(Records from a dataset)

◆ ◆ ◆ ◆

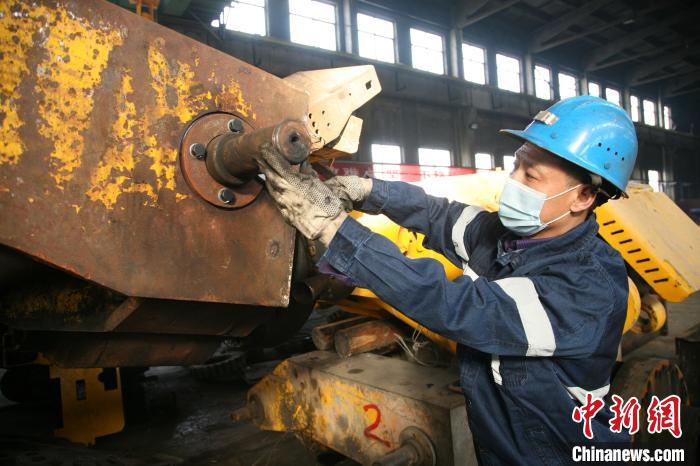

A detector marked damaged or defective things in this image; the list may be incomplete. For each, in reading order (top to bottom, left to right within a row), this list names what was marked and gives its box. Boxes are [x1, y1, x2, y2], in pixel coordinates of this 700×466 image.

peeling yellow paint [23, 3, 123, 188]
peeling yellow paint [87, 71, 157, 209]
rusty steel plate [0, 0, 308, 308]
rusty metal machinery [1, 0, 382, 372]
rusty steel plate [178, 112, 262, 208]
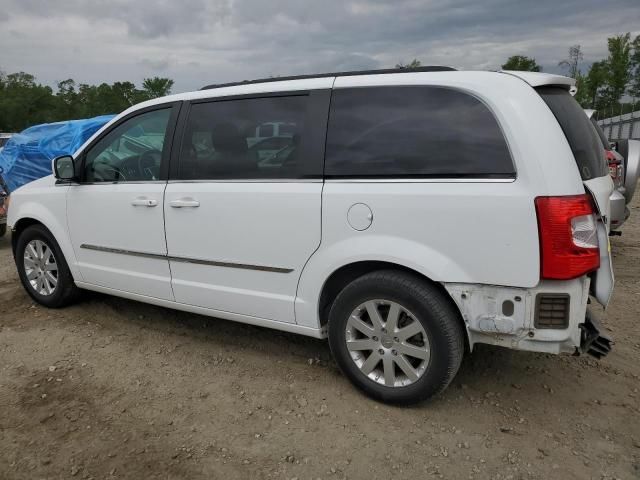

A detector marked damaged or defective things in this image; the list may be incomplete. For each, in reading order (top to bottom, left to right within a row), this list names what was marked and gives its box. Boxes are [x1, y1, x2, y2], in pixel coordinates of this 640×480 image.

missing rear bumper [576, 310, 612, 358]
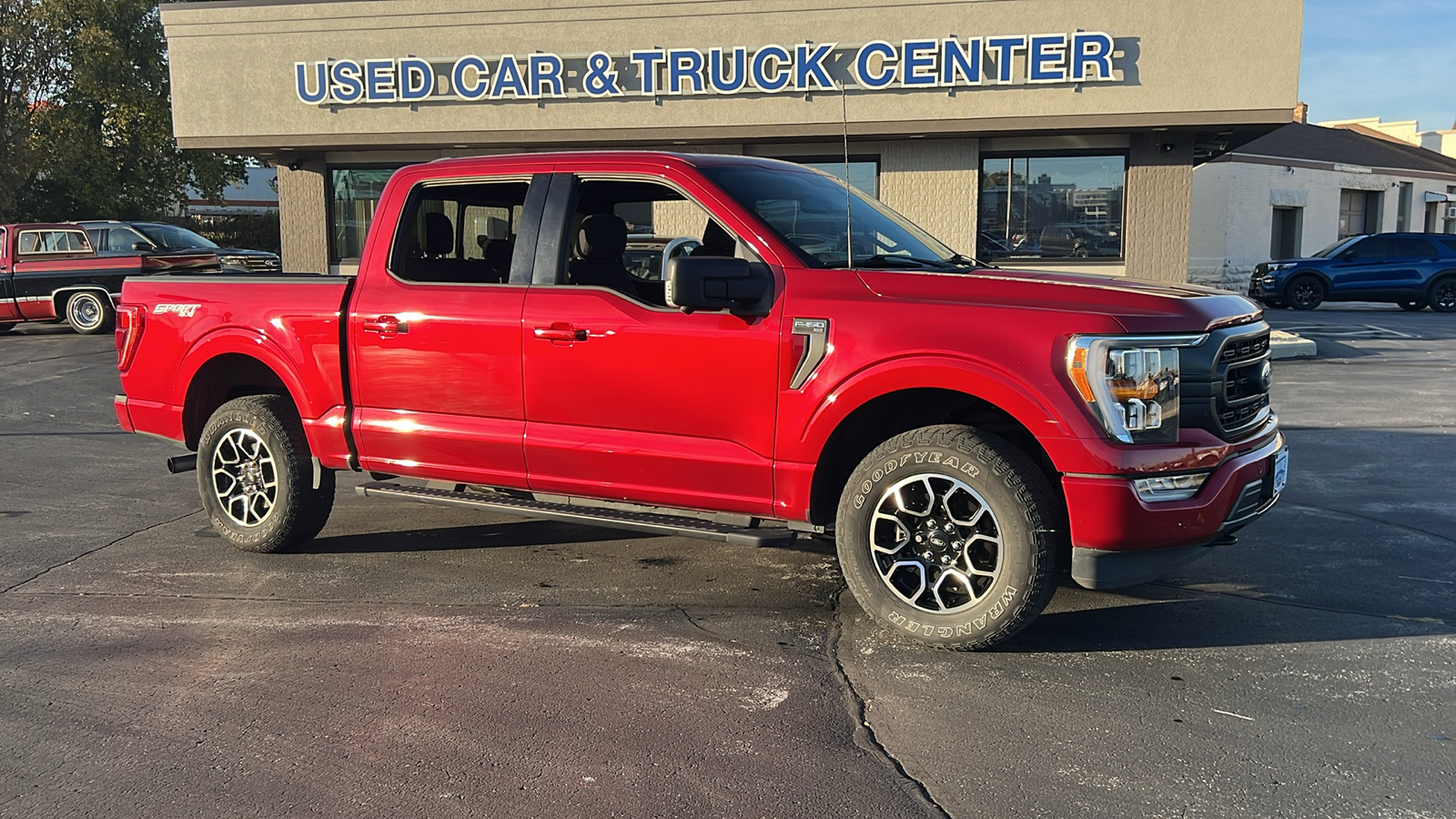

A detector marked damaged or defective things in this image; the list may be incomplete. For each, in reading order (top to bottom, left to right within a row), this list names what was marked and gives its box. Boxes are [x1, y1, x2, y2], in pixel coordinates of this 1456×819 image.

crack in asphalt [0, 507, 202, 588]
crack in asphalt [1281, 498, 1450, 541]
crack in asphalt [833, 582, 955, 815]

◆ ◆ ◆ ◆

Instructions for the task: Beginning at the line that holds "this 1456×819 image.", write out word for word each line through the end of the records.

Output:
A detector marked damaged or defective things in this image; the list may be incomplete. For each, in reading order (top to bottom, left to right within a row), this list names what was marked and gives its box. Boxes are [x1, y1, x2, y2], in pixel coordinates of this 1456×819 image.

crack in asphalt [0, 507, 202, 588]
crack in asphalt [1281, 498, 1450, 541]
crack in asphalt [833, 582, 955, 815]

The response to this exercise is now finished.